* [Data for analysis]

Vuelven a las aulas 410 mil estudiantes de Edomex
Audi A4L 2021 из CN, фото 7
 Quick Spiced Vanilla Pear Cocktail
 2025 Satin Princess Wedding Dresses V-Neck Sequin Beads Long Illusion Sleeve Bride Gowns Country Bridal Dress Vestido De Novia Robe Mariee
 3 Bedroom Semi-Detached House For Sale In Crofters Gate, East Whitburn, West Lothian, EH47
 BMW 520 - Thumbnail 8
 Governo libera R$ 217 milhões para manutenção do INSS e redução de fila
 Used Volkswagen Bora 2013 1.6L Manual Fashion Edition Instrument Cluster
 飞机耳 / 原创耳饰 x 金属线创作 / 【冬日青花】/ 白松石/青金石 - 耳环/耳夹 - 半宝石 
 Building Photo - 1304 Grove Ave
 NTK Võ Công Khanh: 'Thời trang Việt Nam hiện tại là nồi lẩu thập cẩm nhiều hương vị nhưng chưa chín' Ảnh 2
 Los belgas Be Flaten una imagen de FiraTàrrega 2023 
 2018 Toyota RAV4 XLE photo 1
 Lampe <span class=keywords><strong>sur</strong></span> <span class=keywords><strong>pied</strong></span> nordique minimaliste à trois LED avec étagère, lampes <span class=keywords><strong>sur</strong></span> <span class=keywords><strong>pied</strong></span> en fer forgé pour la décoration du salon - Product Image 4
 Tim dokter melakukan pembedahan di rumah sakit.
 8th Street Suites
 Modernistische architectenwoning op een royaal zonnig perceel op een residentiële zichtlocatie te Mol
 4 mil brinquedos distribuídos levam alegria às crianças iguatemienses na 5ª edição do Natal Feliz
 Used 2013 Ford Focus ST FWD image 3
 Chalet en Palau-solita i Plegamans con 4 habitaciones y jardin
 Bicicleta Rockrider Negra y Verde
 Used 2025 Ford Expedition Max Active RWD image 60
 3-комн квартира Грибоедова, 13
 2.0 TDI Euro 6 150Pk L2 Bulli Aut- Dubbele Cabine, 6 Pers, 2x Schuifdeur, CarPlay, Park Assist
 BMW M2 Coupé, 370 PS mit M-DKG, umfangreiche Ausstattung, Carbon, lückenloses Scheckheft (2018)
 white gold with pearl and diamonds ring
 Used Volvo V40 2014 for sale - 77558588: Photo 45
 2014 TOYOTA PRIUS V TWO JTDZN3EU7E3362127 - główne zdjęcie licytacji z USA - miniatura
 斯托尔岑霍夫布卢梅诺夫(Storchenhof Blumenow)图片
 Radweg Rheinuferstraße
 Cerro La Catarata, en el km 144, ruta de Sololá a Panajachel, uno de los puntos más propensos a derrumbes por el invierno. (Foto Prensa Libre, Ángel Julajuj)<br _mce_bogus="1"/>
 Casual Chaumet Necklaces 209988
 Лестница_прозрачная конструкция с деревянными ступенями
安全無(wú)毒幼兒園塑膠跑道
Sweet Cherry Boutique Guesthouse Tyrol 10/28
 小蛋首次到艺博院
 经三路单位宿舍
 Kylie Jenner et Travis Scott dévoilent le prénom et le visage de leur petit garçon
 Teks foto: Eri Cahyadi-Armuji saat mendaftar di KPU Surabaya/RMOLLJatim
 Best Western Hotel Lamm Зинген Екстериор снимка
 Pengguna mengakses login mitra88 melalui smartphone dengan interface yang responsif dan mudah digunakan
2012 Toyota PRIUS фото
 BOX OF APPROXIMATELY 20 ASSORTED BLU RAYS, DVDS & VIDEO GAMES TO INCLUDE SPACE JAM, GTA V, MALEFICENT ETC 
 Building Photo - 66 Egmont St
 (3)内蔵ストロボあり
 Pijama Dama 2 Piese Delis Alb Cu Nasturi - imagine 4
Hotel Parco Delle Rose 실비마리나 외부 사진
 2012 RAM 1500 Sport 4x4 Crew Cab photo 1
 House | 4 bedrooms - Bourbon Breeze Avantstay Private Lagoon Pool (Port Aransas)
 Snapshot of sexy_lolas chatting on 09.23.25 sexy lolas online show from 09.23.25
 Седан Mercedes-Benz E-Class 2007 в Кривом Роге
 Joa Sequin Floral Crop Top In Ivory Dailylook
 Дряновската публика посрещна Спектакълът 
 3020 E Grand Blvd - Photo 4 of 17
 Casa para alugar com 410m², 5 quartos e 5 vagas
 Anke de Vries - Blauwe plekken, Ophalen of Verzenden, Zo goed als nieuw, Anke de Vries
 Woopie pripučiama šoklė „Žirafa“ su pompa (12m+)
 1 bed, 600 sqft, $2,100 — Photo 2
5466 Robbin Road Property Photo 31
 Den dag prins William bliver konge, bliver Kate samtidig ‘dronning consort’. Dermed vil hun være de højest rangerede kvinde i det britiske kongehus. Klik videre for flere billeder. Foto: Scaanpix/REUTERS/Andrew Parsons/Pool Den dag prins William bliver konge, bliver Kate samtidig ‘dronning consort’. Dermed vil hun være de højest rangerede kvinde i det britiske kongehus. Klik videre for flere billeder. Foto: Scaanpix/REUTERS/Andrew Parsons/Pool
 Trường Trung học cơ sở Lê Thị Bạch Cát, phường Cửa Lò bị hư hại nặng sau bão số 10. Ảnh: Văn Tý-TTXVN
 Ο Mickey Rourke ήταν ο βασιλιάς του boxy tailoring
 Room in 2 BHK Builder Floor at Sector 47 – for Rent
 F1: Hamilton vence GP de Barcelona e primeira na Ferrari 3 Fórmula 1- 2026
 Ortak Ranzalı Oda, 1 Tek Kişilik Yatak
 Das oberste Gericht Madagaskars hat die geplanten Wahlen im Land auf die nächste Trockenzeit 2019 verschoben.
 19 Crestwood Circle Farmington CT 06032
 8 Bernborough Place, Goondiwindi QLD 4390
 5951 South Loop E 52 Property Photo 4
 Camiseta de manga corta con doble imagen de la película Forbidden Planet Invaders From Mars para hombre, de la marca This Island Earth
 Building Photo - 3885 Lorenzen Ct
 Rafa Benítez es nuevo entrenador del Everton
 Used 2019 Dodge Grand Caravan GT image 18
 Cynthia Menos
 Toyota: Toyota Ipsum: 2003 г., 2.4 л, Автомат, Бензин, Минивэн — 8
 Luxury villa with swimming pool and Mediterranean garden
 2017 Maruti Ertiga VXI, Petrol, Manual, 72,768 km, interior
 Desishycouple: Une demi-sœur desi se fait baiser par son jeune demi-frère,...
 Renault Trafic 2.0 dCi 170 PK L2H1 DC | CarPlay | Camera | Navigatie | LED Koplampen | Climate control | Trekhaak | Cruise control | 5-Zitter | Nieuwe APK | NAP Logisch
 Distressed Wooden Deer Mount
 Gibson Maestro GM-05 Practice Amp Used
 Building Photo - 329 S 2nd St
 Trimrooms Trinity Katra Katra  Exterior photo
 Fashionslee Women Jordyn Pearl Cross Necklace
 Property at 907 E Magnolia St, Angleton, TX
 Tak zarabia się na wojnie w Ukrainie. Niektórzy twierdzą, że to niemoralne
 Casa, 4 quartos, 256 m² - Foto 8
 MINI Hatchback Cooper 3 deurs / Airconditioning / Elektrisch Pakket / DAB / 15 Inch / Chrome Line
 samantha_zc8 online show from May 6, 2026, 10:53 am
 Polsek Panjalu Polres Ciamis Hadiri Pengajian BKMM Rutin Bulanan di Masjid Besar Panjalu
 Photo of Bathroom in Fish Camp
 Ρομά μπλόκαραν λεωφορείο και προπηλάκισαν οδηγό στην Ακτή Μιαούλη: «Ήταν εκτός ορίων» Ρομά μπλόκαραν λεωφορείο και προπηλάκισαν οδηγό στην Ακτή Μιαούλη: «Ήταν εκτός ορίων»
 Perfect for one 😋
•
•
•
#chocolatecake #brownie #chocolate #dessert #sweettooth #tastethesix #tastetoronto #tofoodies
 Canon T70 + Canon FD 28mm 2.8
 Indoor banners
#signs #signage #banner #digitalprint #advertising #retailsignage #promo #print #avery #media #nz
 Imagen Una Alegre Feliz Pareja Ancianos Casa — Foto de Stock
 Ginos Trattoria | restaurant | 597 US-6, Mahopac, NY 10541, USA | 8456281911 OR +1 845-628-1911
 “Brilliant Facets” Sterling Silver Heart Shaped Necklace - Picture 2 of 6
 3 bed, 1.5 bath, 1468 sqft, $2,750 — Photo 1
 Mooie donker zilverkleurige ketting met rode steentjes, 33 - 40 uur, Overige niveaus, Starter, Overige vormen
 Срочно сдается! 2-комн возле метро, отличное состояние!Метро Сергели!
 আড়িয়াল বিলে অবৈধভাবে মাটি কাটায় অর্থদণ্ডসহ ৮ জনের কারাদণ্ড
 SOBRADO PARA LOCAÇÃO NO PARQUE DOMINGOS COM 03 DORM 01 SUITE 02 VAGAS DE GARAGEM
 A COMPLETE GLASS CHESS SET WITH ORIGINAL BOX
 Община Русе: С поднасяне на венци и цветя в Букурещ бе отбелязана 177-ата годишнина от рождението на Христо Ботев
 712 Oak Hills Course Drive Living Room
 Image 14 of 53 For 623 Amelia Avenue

* [Your objective] Everything starting at the line containing "Used 2013 Ford Focus ST FWD image 3" and ending at the line containing "Used Volvo V40" in the records above should be repeated exactly, and only that.

* [Answer section]
 Used 2013 Ford Focus ST FWD image 3
 Chalet en Palau-solita i Plegamans con 4 habitaciones y jardin
 Bicicleta Rockrider Negra y Verde
 Used 2025 Ford Expedition Max Active RWD image 60
 3-комн квартира Грибоедова, 13
 2.0 TDI Euro 6 150Pk L2 Bulli Aut- Dubbele Cabine, 6 Pers, 2x Schuifdeur, CarPlay, Park Assist
 BMW M2 Coupé, 370 PS mit M-DKG, umfangreiche Ausstattung, Carbon, lückenloses Scheckheft (2018)
 white gold with pearl and diamonds ring
 Used Volvo V40 2014 for sale - 77558588: Photo 45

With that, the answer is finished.